# Trivia 4/9



## luckytrim (Apr 9, 2018)

trivia 4/9
 DID YOU KNOW...
 The World Series was broadcast in color for the first time in 1954.
 Dodgers beat the Indians in four straight.

 1. How long is a professional Hockey Rink ?
   a.-75 Feet
   b. - 150 Feet
   c. - 200 Feet
   d. - 250 Feet
 2. How wide is a professional Hockey Rink ?
   a. - 65 Feet
   b. - 75
   c. - 85 Feet
   d. - 95 Feet
 3. Do you recall the name of the Arch-nemesis of Dudley Do-right ?
 4. The sea parrot is usually known by another name.

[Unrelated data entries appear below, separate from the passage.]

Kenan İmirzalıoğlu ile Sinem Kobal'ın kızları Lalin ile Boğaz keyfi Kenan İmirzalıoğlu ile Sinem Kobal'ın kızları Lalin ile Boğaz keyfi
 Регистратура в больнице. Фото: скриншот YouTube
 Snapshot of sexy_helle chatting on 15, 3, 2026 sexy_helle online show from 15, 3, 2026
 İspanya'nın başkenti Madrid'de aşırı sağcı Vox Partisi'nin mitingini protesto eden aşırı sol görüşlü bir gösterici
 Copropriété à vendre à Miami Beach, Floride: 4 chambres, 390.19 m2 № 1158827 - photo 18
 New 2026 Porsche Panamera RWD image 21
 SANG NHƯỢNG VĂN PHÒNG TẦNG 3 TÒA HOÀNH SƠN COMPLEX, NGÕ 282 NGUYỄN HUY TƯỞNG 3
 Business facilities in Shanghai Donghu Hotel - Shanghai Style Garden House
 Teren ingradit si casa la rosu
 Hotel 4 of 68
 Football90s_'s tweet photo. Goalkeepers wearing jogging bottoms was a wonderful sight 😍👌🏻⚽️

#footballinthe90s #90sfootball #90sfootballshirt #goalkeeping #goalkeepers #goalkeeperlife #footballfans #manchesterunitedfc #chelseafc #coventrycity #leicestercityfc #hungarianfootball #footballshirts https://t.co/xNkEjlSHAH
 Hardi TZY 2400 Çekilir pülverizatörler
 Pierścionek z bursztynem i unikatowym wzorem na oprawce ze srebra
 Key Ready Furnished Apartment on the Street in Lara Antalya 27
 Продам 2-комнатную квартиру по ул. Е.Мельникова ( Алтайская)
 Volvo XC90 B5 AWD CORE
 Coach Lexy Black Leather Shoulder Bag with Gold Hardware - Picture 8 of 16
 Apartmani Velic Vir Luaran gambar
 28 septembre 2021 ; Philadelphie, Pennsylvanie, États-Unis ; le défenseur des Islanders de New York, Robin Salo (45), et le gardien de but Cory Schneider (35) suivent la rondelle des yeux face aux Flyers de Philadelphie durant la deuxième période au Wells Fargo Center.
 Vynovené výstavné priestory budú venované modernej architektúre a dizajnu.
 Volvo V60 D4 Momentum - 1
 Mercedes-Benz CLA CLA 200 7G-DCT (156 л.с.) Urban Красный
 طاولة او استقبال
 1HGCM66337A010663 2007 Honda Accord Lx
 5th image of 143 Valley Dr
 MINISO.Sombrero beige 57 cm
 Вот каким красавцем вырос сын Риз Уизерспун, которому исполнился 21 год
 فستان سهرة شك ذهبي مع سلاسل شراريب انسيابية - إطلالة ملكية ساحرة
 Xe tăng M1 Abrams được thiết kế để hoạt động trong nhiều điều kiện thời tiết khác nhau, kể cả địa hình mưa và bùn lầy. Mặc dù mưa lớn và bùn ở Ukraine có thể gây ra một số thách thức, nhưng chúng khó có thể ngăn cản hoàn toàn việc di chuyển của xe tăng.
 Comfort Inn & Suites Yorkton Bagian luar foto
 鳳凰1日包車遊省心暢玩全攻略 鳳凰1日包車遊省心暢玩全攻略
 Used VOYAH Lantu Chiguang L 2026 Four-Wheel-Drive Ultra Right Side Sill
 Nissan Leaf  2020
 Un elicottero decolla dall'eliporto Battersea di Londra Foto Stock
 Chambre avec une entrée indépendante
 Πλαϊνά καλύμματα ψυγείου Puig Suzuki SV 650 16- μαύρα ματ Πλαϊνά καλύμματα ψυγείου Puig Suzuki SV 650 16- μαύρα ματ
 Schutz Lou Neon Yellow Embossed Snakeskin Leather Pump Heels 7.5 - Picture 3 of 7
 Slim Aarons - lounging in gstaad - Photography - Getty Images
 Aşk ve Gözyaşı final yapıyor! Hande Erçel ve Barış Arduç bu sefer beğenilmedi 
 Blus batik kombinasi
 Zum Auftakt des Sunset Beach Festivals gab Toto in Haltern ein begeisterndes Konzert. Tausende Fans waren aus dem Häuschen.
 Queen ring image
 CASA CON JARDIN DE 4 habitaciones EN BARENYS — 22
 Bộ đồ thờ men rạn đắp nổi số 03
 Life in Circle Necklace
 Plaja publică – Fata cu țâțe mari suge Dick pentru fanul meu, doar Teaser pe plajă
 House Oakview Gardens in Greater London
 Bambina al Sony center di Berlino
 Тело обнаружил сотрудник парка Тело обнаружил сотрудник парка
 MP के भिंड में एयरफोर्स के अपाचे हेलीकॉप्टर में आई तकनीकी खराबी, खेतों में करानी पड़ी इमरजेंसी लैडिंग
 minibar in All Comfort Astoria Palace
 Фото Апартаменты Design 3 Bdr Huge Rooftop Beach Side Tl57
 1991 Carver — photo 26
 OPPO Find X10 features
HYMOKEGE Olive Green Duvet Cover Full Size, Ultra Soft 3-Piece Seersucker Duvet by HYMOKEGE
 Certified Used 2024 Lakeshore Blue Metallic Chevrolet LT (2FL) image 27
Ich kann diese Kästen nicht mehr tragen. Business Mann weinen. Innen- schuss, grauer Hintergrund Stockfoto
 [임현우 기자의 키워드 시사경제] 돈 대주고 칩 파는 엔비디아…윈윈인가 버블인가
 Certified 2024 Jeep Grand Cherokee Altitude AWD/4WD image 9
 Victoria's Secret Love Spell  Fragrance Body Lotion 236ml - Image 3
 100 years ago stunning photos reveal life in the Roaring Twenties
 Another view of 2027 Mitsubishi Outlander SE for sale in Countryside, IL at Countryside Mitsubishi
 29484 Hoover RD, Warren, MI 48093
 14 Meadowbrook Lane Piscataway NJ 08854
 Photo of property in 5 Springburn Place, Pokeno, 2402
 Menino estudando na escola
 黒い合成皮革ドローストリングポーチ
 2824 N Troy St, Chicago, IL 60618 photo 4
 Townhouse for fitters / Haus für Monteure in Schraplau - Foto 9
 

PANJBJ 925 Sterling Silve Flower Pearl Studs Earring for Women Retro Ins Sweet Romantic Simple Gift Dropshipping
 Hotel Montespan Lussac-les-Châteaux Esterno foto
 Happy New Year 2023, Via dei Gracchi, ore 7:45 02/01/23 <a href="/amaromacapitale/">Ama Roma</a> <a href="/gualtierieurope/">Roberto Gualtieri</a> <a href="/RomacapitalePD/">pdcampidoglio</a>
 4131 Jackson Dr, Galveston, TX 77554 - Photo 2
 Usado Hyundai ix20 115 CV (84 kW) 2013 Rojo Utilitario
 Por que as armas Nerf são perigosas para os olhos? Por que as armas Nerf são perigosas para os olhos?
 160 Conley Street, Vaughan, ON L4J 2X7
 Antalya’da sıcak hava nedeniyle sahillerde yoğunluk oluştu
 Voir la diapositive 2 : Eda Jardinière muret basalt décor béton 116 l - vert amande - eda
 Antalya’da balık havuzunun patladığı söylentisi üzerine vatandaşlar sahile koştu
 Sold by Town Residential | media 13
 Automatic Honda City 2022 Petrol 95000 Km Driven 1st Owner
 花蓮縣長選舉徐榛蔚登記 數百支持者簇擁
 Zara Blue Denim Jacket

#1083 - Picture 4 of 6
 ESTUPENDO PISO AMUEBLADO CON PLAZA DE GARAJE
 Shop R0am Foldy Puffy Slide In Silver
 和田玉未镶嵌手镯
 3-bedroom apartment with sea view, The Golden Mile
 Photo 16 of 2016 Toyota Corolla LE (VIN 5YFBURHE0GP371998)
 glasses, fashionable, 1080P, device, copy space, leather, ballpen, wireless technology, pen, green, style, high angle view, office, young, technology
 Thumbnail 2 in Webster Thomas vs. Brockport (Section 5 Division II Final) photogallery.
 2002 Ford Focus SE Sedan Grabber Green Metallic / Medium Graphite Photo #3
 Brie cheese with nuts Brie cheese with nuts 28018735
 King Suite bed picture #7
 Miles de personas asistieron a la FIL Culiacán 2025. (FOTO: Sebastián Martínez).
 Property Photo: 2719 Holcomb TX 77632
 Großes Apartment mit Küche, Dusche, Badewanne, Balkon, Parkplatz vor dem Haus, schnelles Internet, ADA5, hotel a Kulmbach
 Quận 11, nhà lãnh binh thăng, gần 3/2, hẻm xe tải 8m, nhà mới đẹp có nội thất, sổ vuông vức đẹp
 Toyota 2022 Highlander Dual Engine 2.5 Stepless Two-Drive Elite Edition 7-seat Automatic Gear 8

What is it?
 5. What does the acronym SIM, as in SIM card, stand for?
 6. What is the correct spelling for the "C" word for graveyard ?
 7. The baseball Little League World Series is held in what city? 
 8. Roger Bannister broke the 4-minute mile; By how much did he break it  ?
   a. - Four-Tenths of a Second
   b. - Six-Tenths of a Second
   c. - Eight-Tenths of a Second
   d. - One Second Even

 TRUTH OR CRAP ??
 The Baby Ruth candy bar is named for the daughter of President Grover
 Cleveland.
 .
 .
 .
 .
 .
 .
 .
 .
 .
 .
 .
 .
 .
 .
 .
 1. - c
 2. - c
 3. Snidely Whiplash
 4. (Atlantic) Puffin
 5.  Subscriber Identity Module
 6. Cemetery
 7. Williamsport, Pa.
 8. - b 



 CRAP !!
 Although the name of the candy bar sounds like the name of the famous
 baseball player Babe Ruth, the Curtiss Candy Company traditionally  claimed
 that it was named after President Grover Cleveland's daughter, Ruth
 Cleveland.
 The candy maker, located on the same street as Wrigley Field, named the  bar
 "Baby Ruth" in 1921, as Babe Ruth's fame was on the rise, 24 years  after
 Cleveland had left the White House, and 17 years after his daughter,  Ruth,
 had died.
 The company did not negotiate an endorsement deal with Ruth, and many  saw
 the company's story about the origin of the name to be a devious way  to
 avoid having to pay the baseball player any royalties. Curtiss  successfully
 shut down a rival bar that was approved by, and named for, Ruth, on  the
 grounds that the names were too similar.


----------